Hace ya una década del nacimiento de un nuevo género: el cine stathamista. Sus caracaterísticas son bien reconocibles: historias imprescindiblemente protagonizadas por Jason Statham en las que nuestro héroe repartirá mucha estopa, conducirá hábil y molonamente en situaciones de gran peligro, rockeará el mundo de los malos con sus tajantes vaciladas y disfrutará de las atenciones sexuales de jugosas gachís (no sea que alguien comience con las gaitas del homo erotismo y tal). El stathamismo se presenta en dos formatos: el puro exploit y el gourmet, que se confunden sin remedio. Al primero se adscriben Death Race (Paul W. S. Anderson, 2008) las sagas Transporter y Crank, simples y disfrutables catálogos de stathamismo ilustrado, mientras que al segundo pertenecen cosas como The Bank Job (Roger Donaldson, 2008), The Mechanic (Simon West, 2011)o Blitz (Elliott Lester, 2011), propuestas que quieren ofrecer tramas algo más desarrolladas pero igualmente afines al estilo e inquietudes del amigo Stats (ves, Ibra, como la filosofía puede molar).

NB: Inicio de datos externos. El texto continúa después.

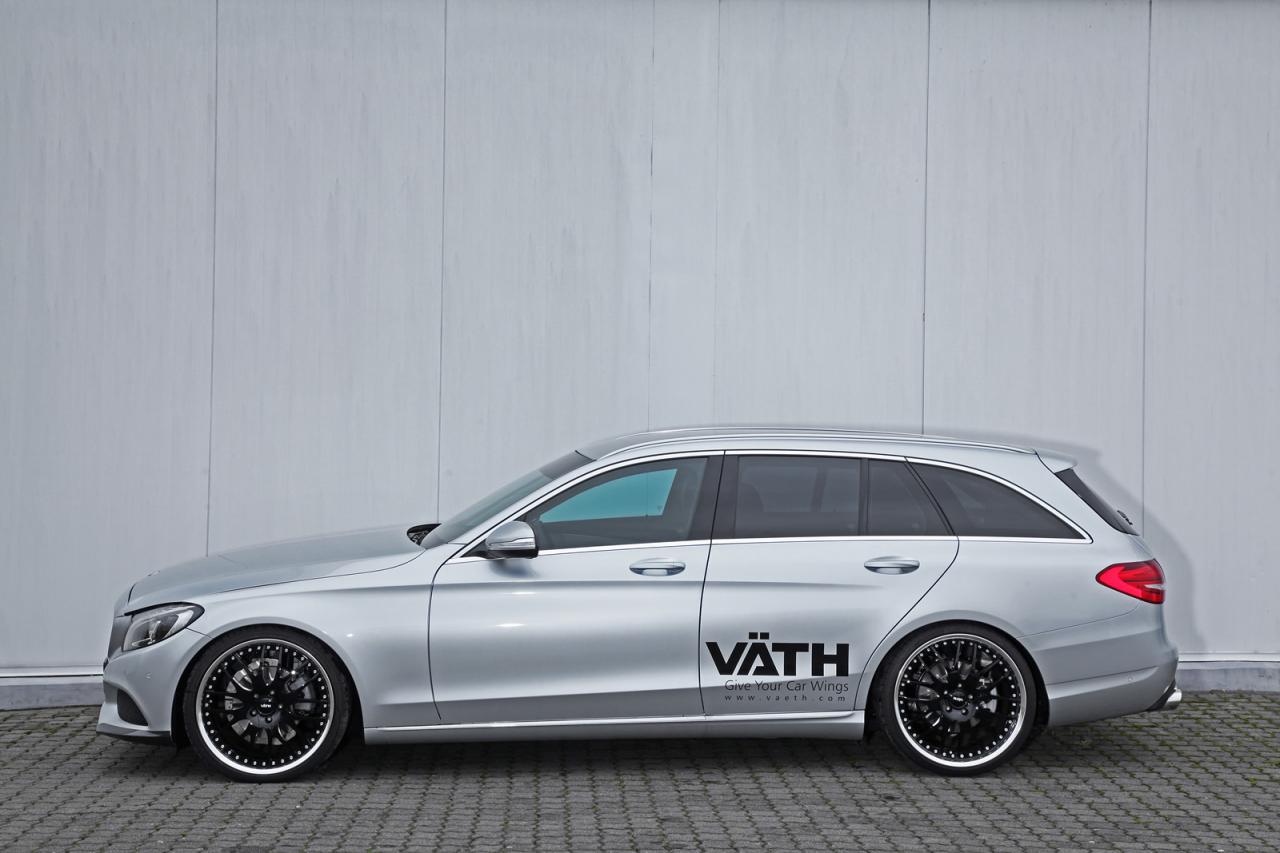 Mercedes C-Class Estate by VATH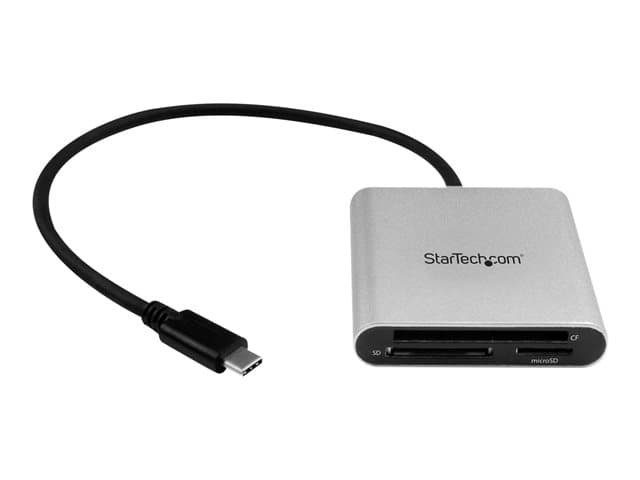 Startech USB 3.0 Flash Memory Multi-Card Reader/Writer with USB-C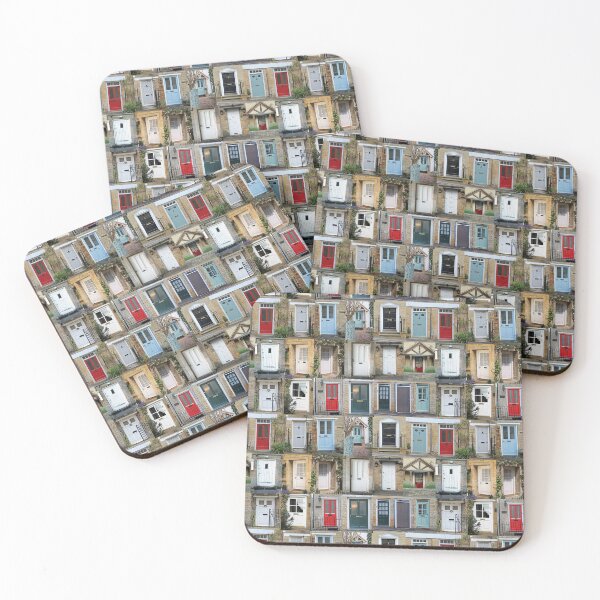 Item preview, Charlbury Doors (Park Street) designed and sold by Murph's Images.
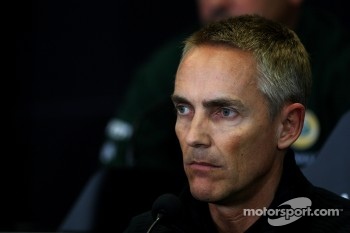 Martin Whitmarsh, McLaren, Chief Executive Officer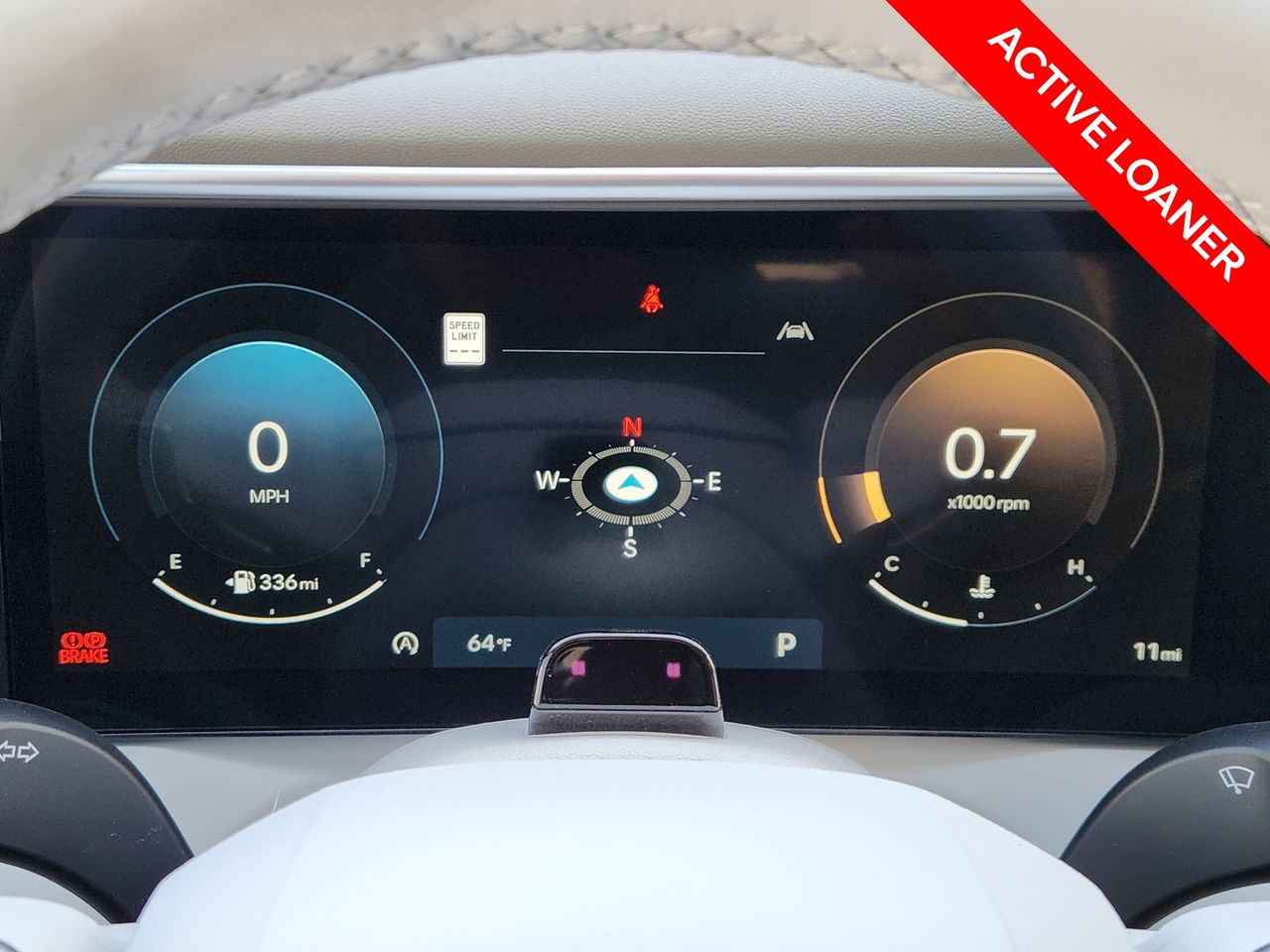 New 2026 Creamy White Pearl Hyundai SEL FWD image 13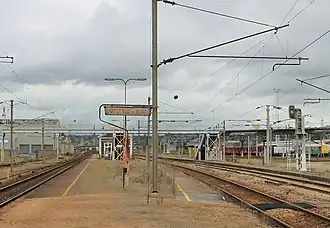 Image illustrative de l’article Gare de Sotteville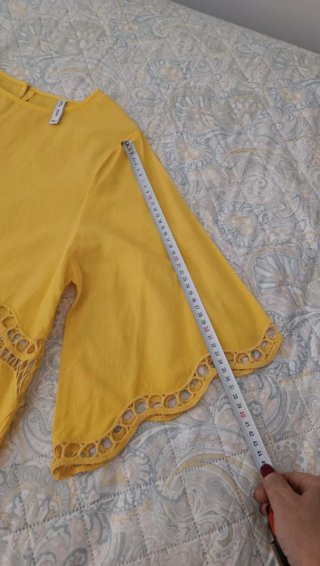Blusa Mango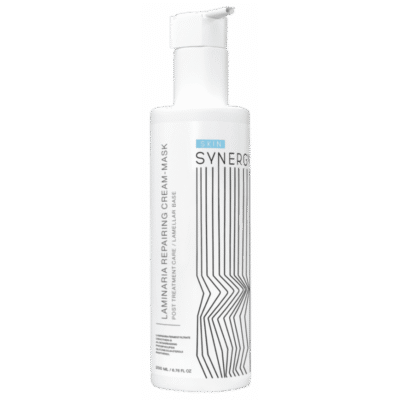 skin SYNERGY LAMINARIA REPAIRING CREAM-MASK Крем-маска восстанавливающая с ламинарией, 200 мл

Asesinos de élite se sitúa en la segunda vertiente, que está resultando ser la menos satisfactoria en la carrera del príncipe de las galletas (tras destronar a Beukelaer). Sin ser malas películas no alcanzan la redondez del stathamismo puro, sin excusas. No desesperemos, nos hallamos cerca de que la doctrina encuentre el vehículo adecuado para difundir sus bondades entre los más escépticos. Probablemente ocurra con la inminente adaptación por parte de Taylor Hackford de las novelas de Richard Stark. Puede que, con permiso de Lee Marvin y Robert Duvall, el pelao de Londres haya nacido para interpretar al Parker definitivo, siempre que sepa moderar su estilo.

Asesinos de élite —nada que ver con el film de Sam Peckinpah con el que comparte título original— es la tópica historia de un profesional del asesinato que se ve forzado a volver a sus labores cuando la vida de los suyos se ve amenazada. Así de sencillo, así de eficaz. A partir de ahí —y afortunadamente sin que el buscado repertorio de plomo y tortas se resienta— carnaza para los lascivos masajistas del intelecto: que si los paralelismos cíclicos de la Historia, que si la soledad del killer, que si los giros sorprendentes, que si la moralidad de los poderes fácticos… Bonito pero intrascendente envoltorio, a la par que fallido. Si ubicas la trama en la década de los 80, sólo porque la historia supuestamente real que adaptas transcurre en ese período, intenta por lo menos que la ambientación sea creíble. El conjunto acaba funcionando, eso sí, como entretenido relato de espionaje y acción, destacando en este último aspecto los enfrentamientos entre dos bestias pardas como son Statham y Clive Owen.

Para que la contundencia del protagonista no golpee sobre blando, no puedes enfrentarlo a cualquier moña, has de rodearlo de un repertorio de tough guys tan amenazantes como Adewale Akinnuoye-Agbaje, Ben Mendelsohn o Dominic Purcell, a los que se suman un fiestero Robert De Niro (no, no es el que era pero sigue siendo un buen actor) y un Owen tan chungo como debe serlo un buen SAS.  Porque los SAS son, supuestamente, la auténtica élite de los galleteros internacionales. No es de extrañar que en la agenda de Stats haya diversos proyectos en los que interpretará a un agente o ex-agente (que mola más) de los Special Air Service de Su Majestad.